This book was really well done. I feel privileged to read a story featuring the heightened feelings of an experienced individual, and his view of what would make a great story for the reader. Thank you Mr. Hartley for the entertainment. *Moral Compass On* I find it to be somewhat inhumane liking a book that involves such disgusting acts that would even make the most notorious of killer blush.*Moral Compass Off* But devilishly I liked the story very much. With the typical sado-sexual behaviour to the nth degree and the commonly found Oedipal complex, these guys don’t stray far from the stereotype. In fact they present the (ab)normal run-of-the-mill/garden variety serial killer with a little twist. The difference with these serial killer’s is their thirst for direct revenge and the issuance of teamwork among their very own constructed motley crew. Their schemes are diabolical and incredibly unrelenting, yet quite compelling.

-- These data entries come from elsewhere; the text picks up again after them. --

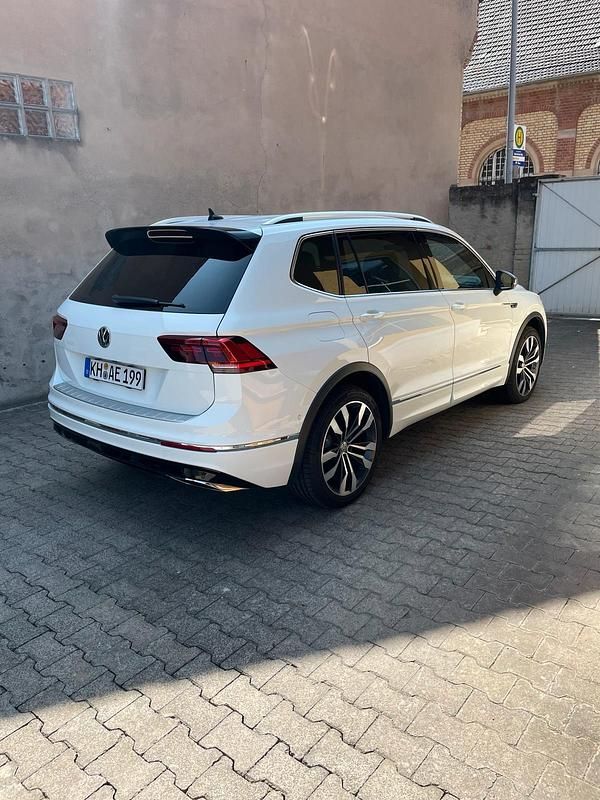 Weiß Gebraucht 2020 VW Tiguan Allspace SUV | 28.899 € (Teuer) - Bild 1/4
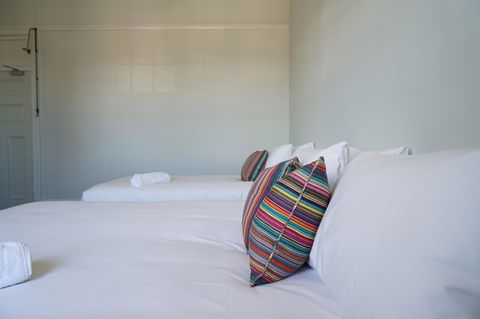 Rosehill Hotel - Accommodation Gladstone 3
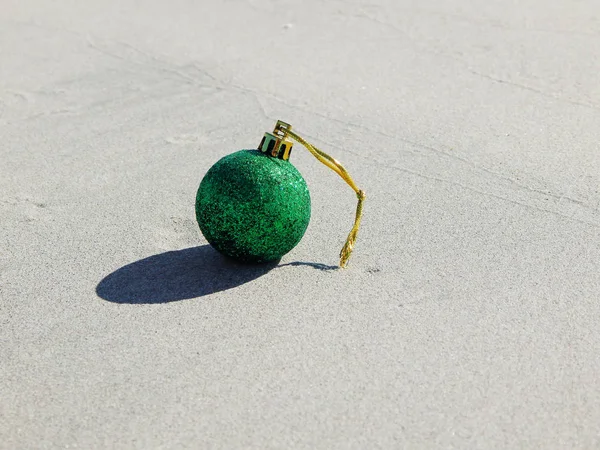 Jouet d'arbre sur la plage . — Photo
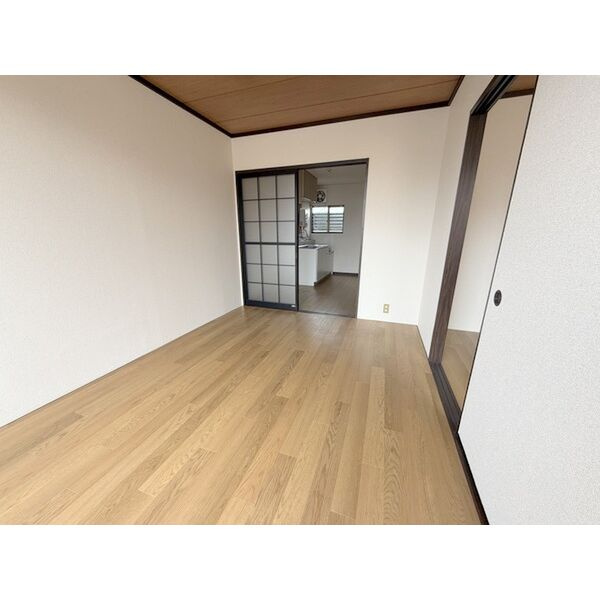 ドミール厨子奥Aの内装
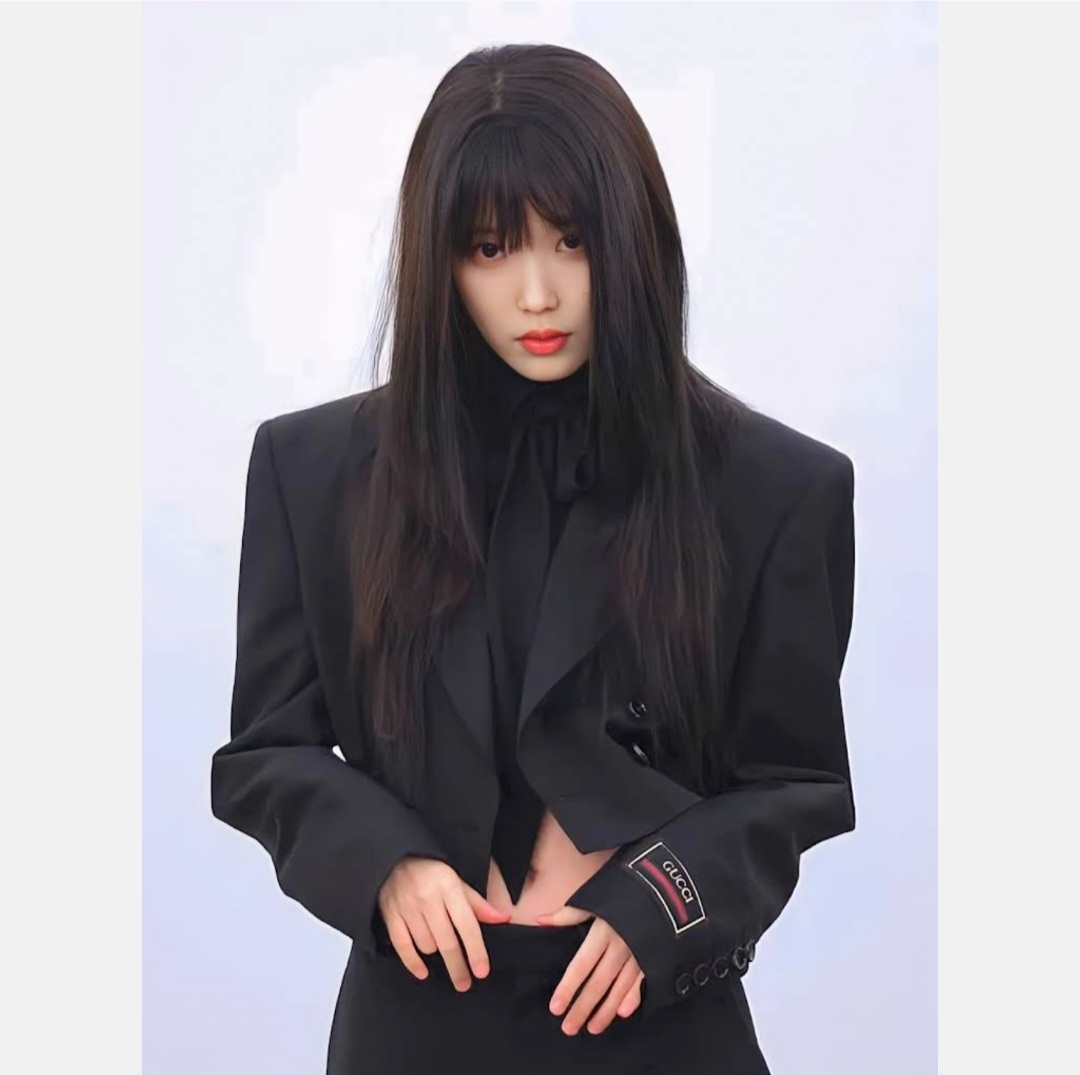 [잡담] 아이유 이런얼굴 먼가 초면이네 | 인스티즈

Gus Bolderjack, is a character that for me was easily relatable. Self-deprecating humour is one that is not ordinarily found within civil authoritarians and their enlarged ego. I guess that is what makes him an anomaly as he prefers the life of a renegade figure rather than being one of the good ol’ boys. It is a breath of fresh air to see a man admit to his “short”comings and be comfortable enough to attack the manhood of the world’s most nefarious beings. The way he communicates with the killer’s is often a procedural “no no”, but for Gus he has honest intentions with his heart in the right place.
There is something undeniably haunting in the written word. You can watch your television dramas and movies about creepy events, but when the final scene has ended you shut it off and go back to the real world. With novels, the idea of an author conjuring up this story for the reader tends to stick with me for a while. With this book it seemed that the author was desensitized from his past experiences serving “hard time” as a psychologist and journalist. It was similar to the part of the book when a young med school graduate Valerie Gomez was on hand for her very first bodily examination and the pathologist technologist Rollo Cucas said:
“You actually got lucky for your first autopsy experience. There’s no putrefaction to speak of. All the smell is from urine and feces.”
The innocence and anxiety commonly found in new experiences is a funny dynamic when paired with hardened professionals.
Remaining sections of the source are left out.